__Exercise__:
Everything in the listing below should be repeated verbatim, apart from the pictures.

━━━ Source data ━━━

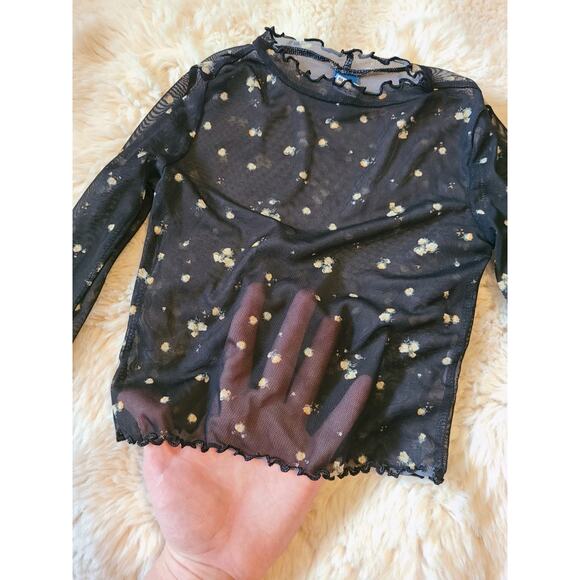 Girls Old Navy Sheer Mesh Long Sleeved Tops Lot Of 2 Size Xs 5 - Picture 4 of 7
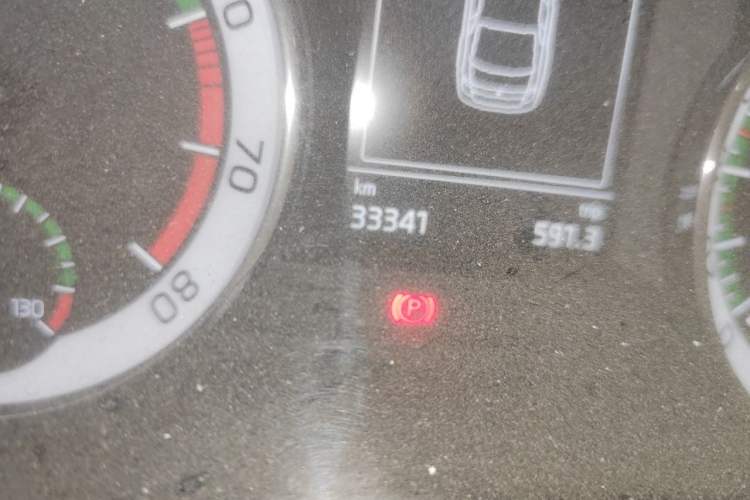 Used Skoda Octavia 2020 TSI230 DSG SmartDrive Luxury Edition Odometer Close Up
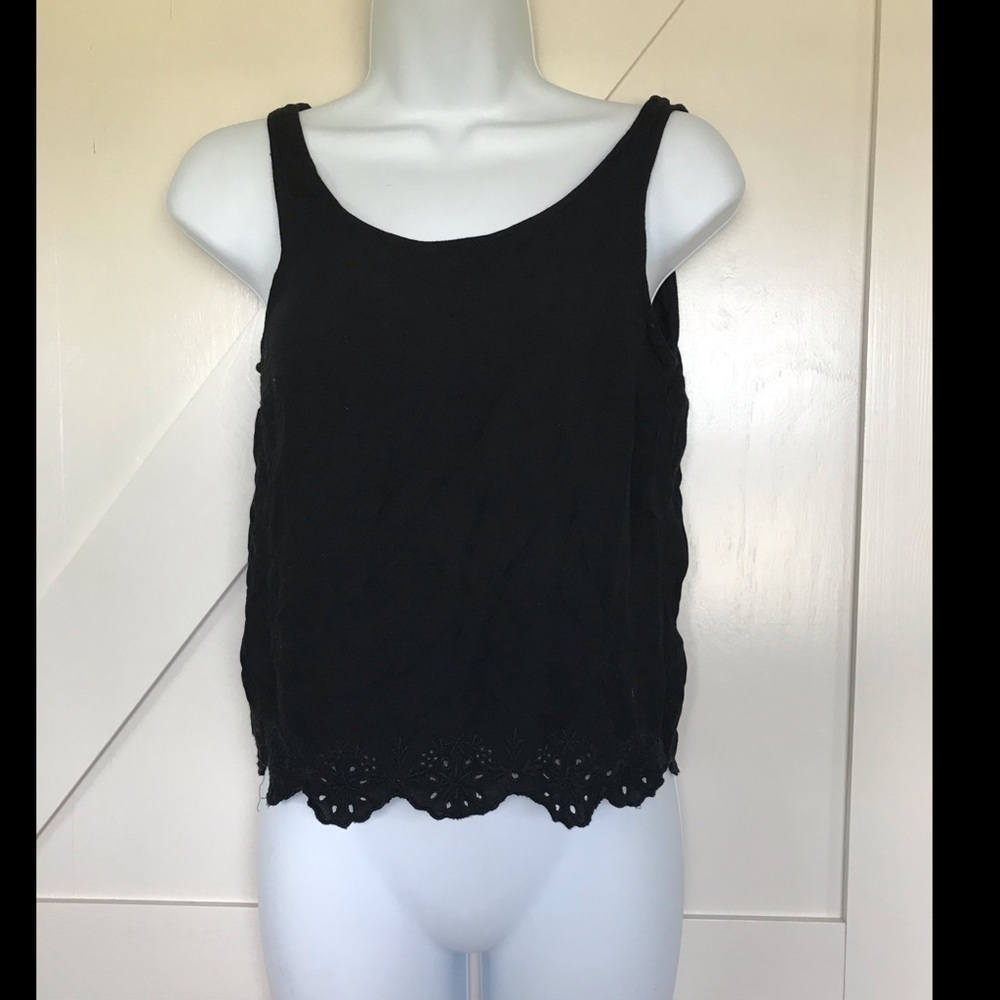 𝅺black cropped top tank top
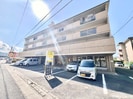 新光ビルの外観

━━━

__Expected output__:
 Girls Old Navy Sheer Mesh Long Sleeved Tops Lot Of 2 Size Xs 5 - Picture 4 of 7
 Used Skoda Octavia 2020 TSI230 DSG SmartDrive Luxury Edition Odometer Close Up
 𝅺black cropped top tank top
 新光ビルの外観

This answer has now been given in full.